One of the most important aspects of this study is the conclusion that psychological telecare is an intervention accepted by most HF patients and it enables their health-related QoL to be enhanced. It is a valuable alternative to face-to-face counselling and worth considering by the medical teams, especially for patients who have difficulties in receiving standard psychological support during HF treatment.

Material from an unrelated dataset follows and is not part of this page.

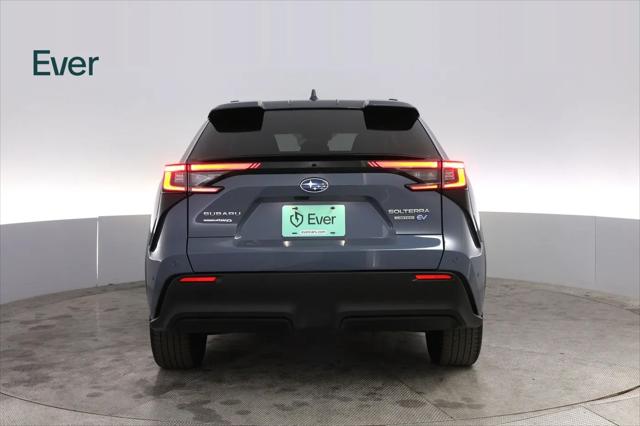 2023 Subaru Solterra Limited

This study has some limitations. Firstly, QoL was assessed on the basis of only one questionnaire, which may have had an impact on the results. Secondly, the analysis presented is limited to a 9-week intervention period. It does not allow us to make long-term conclusions about the impact of HCTR on HF course. Furthermore, not every patient in the HCTR group was able to continue with psychological care via phone. Also, what needs to be stressed is that most of the TELEREH-HF population was male (89%), and for this reason the results cannot be fully extrapolated to the female population. We did not gather data on the socioeconomic status of patients, which might have influenced the results.
In conclusion, this detailed analysis of the QoL in the population of the TELEREH-HF study demonstrated that in comparison to usual care, hybrid comprehensive telerehabilitation resulted in a significant improvement in overall QoL, physical domain of QoL and three specific areas of QoL: physical functioning, role functioning related to physical state and bodily pain.